The Divisional Court refused an application by the Attorney General under section 2 of the Contempt Court Act in respect of an article published in the Observer newspaper.
Anthony-Noel Kelly was an artist who had used body parts acquired from the Royal College of Surgeons to make casts which he then exhibited. He and an accomplice were subsequently tried for theft of the body parts. The prosecution case had been completed and defence submissions made by 27 March 1998. The only issue which the jury had to consider was whether it had been proved that either defendant had been dishonest.
On 29 March 1998 the Observer published in its review section a full page article headlined in bold type: "This bust was cast from a decaying corpse.
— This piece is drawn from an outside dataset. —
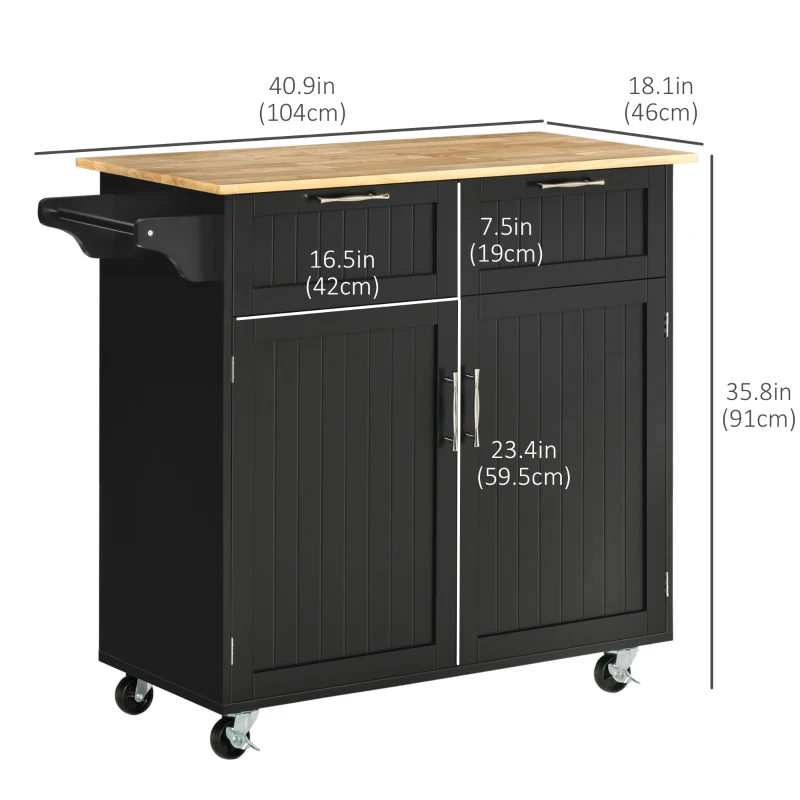 HOMCOM Rolling Kitchen Island, Kitchen Cart on Wheels with 2 Storage Drawers, 2 Door Cabinets and Towel Rack for Dining Room (Black, 2-Doors)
Whose work does it most resemble: Damien Hirst's or Jeffrey Dahmer's?" The article compared Kelly's use of dead body parts more to the obsession with dead bodies and their parts displayed by serial killers such as Dennis Nilson and Jeffrey Dahmer than to the use of the dead body by artists.
The following day, enquiries revealed that only one of the jurors in Kelly's trial had read the article. The judge's immediate reaction, having read the article, was that he would accede to any application to discharge the jury. When the juror was questioned, she said that she would be able to put the article from her mind and promised not to mention its contents to any of her fellow jurors. No application was made to discharge either the one juror or all the jury, and in due course the judge directed the jury as to their approach to press or media comment on the case. The defendants were convicted.
The Attorney General brought an application against the respondent under the strict liability rule in section 2 of the Contempt of Court Act 1981. The test for strict liability was set out in section 2(2), i.e. "the strict liability rule applies only to a publication which creates a substantial risk that the course of justice in the proceedings in question would be seriously impeded or prejudiced".
Philip Havers QC (Treasury Solicitor) for the Attorney General; Andrew Nicol QC (Lovell White Durrant) for the newspaper.
Lord Justice Sedley said that the single standard to be applied in considering prejudice in the context both of contempt applications and criminal appeals was that of a substantial risk of prejudicing the fairness of a criminal trial. The self- evident difference was that the risk had ordinarily to be gauged prospectively in a contempt case, without regard to the outcome of the trial, but retrospectively in a criminal appeal, where ex hypothesi there had been a conviction.
If an appeal on the ground of prejudice would fail, the publisher should not be guilty of contempt. The prospective risk of serious prejudice could not be greater that the actual possibility, in the assumed situation, that it had occurred.
That formulation looked to the existence of grounds for allowing or dismissing an appeal against conviction rather than for granting or refusing leave to appeal. That was because, the test on appeal now being the safety of the conviction (under s 2(1) of the Criminal Appeal Act 1968 as amended by the Criminal Appeal Act 1995), any substantial risk that a conviction had been contributed to by a prejudicial publication would ordinarily make it unsafe. To reduce that threshold to the leave stage, requiring only an arguable case of risk, might be to set the threshold of contempt unduly low.
In the present case, the risk created by the publication had undoubtedly been one of serious prejudice to the course of justice, but it was simply not possible to be sure that it was a substantial risk.